Xxxxxx has been the recipient from time to time of grants of stock options.
Nothing in this Agreement is intended to affect any vested rights he may have,
or in any way alter the rights and obligations specified in the option
agreements and plan.
8. BENEFIT PLANS; BONUS FOR 2000.
(a) Xxxxxx'x entitlement to any benefits afforded by any Company benefit plans
including, without limitation, long-term incentive, employee stock purchase
plans, executive supplemental retirement income, and executive deferred
compensation are governed solely by their applicable plans and policies
which are incorporated herein by this reference.
(b) Prior to the last day of March, 2001, the Company shall pay Xxxxxx $54,700
as a bonus earned for his performance in 2000.
9. NON-DISPARAGEMENT.
(a) Xxxxxx will not make statements that disparage or malign the reputation or
abilities of the Company as it is defined in this Agreement.
(b) The Company will not make statements that disparage or malign the
reputation or abilities of Xxxxxx.
(c) Neither party shall be in breach of this provision as a result of giving
truthful testimony relating to the Company or relating to Xxxxxx.
(d) For 24 months after the execution of this Agreement, Xxxxxx will not accept
engagement as a paid expert or consultant to provide expert testimony
directly adverse to Northwest Natural Gas Company or its parent and
subsidiary entities in any litigation or legal proceeding, including but
not limited to rate cases or industrial customer cases.
10. NON-SOLICITATION.
Xxxxxx will not, for a period of 12 months from his January 1, 2002 termination
from employment, directly or indirectly, solicit, divert or hire away (or
attempt to do so) any employee of the Company, nor shall he directly or
indirectly encourage any employee of the Company to leave the Company's employ.
This shall apply to any employee of the Company, whether full-time or temporary
employee, whether such employment is pursuant to a written or oral agreement,
and whether such employment is for a determined period or is at will.
11. CONFIDENTIALITY.
(a) Xxxxxx agrees that he will not disclose, disseminate, or publicize, or
cause or permit to be disclosed, disseminated, or publicized: (i)

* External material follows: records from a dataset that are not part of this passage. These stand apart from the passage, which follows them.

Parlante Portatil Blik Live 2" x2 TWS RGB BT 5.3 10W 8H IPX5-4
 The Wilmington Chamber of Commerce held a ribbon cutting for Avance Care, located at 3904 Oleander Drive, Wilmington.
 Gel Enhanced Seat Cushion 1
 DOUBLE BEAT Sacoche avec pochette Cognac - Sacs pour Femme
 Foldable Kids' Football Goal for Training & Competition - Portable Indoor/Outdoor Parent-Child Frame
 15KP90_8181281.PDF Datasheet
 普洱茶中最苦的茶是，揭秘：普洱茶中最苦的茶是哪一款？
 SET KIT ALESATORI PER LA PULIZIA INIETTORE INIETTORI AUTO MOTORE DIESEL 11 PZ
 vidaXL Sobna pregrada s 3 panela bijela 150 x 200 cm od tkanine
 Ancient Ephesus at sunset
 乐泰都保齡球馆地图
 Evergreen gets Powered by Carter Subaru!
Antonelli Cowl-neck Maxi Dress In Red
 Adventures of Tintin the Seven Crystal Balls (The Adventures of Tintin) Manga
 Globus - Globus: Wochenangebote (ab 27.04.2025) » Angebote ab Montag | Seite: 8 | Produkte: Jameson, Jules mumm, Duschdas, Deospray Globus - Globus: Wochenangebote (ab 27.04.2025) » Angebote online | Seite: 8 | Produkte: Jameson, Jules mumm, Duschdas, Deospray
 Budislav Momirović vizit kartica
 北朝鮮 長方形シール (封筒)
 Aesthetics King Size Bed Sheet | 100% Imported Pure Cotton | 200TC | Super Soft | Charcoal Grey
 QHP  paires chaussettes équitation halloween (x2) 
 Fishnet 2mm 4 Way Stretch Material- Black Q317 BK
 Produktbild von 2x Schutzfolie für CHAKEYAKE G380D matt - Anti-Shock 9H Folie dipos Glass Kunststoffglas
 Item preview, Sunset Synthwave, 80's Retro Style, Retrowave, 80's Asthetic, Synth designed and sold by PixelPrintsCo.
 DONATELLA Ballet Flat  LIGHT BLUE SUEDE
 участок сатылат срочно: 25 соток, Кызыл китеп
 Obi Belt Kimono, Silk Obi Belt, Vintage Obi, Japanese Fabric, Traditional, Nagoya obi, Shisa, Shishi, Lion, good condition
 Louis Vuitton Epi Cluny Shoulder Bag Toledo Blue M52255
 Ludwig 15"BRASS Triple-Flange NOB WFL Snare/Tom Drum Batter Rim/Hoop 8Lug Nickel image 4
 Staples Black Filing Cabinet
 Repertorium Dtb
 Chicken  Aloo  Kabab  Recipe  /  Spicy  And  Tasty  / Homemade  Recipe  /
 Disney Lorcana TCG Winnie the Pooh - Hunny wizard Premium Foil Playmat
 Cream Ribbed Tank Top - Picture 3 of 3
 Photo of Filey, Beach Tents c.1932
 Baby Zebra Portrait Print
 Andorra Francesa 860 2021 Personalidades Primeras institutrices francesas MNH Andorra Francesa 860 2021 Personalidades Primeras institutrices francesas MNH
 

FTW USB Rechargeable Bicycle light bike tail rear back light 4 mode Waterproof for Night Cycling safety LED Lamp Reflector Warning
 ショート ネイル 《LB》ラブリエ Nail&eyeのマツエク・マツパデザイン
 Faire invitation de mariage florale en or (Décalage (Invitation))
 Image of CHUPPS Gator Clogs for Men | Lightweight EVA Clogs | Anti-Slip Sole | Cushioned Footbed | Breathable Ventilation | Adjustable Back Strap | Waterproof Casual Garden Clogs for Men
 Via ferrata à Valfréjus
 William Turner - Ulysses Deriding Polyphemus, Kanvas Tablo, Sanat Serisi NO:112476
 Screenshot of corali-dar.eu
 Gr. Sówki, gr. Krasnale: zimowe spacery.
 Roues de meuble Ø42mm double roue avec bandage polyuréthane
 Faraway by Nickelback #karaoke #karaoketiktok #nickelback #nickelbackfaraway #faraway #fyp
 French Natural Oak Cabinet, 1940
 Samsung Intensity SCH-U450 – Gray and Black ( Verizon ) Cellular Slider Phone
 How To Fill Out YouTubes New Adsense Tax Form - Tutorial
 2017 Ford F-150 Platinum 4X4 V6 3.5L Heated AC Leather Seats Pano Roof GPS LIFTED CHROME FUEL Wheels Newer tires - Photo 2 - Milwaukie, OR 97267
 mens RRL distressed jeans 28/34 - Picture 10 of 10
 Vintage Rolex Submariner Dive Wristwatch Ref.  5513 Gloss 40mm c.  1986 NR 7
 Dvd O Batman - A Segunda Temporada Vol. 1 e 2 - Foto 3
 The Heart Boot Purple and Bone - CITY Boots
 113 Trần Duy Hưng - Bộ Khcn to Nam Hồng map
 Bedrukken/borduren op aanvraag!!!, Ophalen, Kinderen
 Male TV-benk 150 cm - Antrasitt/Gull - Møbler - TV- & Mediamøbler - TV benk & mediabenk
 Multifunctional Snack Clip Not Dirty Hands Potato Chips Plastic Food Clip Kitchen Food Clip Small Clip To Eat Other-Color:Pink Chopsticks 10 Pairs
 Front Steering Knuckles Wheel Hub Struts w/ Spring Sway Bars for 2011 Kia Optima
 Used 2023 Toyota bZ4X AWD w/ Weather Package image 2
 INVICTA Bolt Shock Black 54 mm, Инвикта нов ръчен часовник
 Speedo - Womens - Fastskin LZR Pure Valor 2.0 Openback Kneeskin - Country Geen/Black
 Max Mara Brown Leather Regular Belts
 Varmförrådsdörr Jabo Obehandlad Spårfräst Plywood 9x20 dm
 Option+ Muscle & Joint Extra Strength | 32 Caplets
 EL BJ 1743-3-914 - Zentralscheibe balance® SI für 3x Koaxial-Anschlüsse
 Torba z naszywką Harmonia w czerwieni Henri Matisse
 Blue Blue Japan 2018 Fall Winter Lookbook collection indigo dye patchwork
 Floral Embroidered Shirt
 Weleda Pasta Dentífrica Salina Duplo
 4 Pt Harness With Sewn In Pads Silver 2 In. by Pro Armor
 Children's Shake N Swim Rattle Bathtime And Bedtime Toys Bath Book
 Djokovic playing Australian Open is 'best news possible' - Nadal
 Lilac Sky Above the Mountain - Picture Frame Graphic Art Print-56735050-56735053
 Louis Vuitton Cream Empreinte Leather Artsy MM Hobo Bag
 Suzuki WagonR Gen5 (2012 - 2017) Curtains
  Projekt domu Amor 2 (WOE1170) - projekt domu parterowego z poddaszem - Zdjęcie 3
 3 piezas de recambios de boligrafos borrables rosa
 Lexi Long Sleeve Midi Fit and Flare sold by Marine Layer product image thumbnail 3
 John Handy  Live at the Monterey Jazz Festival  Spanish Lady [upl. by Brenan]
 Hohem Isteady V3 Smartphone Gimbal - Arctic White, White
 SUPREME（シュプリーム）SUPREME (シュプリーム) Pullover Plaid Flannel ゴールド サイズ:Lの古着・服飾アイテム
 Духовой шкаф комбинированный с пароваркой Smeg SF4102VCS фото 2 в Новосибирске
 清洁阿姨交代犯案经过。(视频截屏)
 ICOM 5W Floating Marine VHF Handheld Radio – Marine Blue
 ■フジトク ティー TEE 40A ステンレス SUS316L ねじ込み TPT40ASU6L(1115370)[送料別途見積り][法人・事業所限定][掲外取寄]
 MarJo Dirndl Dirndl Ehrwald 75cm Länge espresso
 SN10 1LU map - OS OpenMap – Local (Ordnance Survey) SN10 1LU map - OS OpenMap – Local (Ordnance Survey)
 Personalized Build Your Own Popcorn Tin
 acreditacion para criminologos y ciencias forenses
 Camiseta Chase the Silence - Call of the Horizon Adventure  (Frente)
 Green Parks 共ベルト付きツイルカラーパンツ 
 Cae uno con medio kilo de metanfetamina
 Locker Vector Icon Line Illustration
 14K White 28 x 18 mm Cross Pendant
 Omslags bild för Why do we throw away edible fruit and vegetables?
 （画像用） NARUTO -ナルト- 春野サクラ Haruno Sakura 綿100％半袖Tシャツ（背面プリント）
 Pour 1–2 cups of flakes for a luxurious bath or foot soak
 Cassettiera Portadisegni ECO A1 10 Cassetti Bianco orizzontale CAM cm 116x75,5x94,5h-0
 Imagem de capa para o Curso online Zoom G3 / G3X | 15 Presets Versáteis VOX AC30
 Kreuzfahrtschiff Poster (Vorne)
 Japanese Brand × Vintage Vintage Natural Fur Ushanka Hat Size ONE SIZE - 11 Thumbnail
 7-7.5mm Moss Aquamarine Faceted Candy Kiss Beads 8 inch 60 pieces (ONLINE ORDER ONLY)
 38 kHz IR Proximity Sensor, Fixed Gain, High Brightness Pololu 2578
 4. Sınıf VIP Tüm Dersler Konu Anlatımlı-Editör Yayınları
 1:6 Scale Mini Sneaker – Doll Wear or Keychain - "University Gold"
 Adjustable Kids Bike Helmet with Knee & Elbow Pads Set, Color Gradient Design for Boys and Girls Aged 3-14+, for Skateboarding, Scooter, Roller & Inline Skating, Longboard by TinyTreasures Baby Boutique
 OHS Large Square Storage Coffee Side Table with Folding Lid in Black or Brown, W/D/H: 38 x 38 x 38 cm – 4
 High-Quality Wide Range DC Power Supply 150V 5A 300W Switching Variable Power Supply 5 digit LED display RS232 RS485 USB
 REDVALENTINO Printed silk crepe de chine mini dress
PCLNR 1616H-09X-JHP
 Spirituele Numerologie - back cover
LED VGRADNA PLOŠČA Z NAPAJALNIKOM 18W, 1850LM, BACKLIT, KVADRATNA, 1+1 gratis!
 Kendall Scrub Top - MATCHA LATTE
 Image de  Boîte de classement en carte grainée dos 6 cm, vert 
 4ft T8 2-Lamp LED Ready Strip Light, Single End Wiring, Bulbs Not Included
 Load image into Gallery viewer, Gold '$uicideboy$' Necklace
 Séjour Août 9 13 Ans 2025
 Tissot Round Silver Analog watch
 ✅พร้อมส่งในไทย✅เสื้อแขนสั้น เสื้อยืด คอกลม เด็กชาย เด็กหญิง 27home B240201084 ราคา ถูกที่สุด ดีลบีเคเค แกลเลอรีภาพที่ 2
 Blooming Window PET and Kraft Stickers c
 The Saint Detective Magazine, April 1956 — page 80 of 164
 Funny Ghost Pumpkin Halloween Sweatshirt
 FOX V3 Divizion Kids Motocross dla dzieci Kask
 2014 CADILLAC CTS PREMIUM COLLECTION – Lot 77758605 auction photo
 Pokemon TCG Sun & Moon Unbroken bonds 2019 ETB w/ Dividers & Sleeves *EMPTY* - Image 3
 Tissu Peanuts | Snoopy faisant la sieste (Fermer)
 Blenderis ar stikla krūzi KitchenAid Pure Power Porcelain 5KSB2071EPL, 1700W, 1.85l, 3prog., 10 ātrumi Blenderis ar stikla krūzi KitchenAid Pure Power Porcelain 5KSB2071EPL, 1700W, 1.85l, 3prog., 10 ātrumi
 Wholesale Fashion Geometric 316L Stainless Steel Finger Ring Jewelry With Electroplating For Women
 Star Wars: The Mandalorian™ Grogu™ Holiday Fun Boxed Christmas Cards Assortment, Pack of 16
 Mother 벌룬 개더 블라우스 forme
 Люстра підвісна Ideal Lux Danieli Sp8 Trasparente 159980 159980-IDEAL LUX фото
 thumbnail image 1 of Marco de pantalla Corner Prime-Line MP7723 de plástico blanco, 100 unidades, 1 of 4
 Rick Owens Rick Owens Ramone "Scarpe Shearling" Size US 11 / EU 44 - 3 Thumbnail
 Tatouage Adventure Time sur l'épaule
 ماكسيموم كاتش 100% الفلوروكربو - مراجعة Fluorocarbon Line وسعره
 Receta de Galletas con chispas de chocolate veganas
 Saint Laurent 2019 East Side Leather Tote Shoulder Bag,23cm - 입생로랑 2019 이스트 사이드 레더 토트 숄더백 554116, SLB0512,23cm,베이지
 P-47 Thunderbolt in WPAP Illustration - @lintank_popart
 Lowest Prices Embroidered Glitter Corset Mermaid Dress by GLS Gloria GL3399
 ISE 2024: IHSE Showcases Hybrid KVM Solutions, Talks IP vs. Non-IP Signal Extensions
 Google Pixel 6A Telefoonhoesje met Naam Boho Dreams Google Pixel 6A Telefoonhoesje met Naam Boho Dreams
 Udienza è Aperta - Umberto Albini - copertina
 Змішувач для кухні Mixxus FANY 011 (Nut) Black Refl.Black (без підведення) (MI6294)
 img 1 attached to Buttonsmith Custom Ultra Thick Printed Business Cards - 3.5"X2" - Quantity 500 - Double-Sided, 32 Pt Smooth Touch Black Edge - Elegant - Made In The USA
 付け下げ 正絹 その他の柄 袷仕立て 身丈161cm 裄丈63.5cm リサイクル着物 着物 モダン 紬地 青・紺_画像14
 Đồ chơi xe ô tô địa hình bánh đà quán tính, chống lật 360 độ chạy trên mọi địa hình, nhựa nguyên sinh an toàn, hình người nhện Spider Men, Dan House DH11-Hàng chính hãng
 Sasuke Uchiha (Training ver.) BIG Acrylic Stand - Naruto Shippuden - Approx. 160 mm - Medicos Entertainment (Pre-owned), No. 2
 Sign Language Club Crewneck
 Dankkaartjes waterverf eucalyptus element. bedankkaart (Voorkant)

Confidential or proprietary information including business and strategic
plans, payroll and personnel information, and other business information to
which Xxxxxx had access as an officer of the Company and was under an
obligation to keep confidential; and (ii) any of the terms of this
Agreement. For purposes of this Agreement, information is not confidential
or proprietary if it is available to the public for reasons unrelated to a
breach by Xxxxxx, if it is information known by Xxxxxx before his
employment by Company, or if it was provided to him by a source unrelated
to Company and not obtained from Company by any person through a wrongful
act.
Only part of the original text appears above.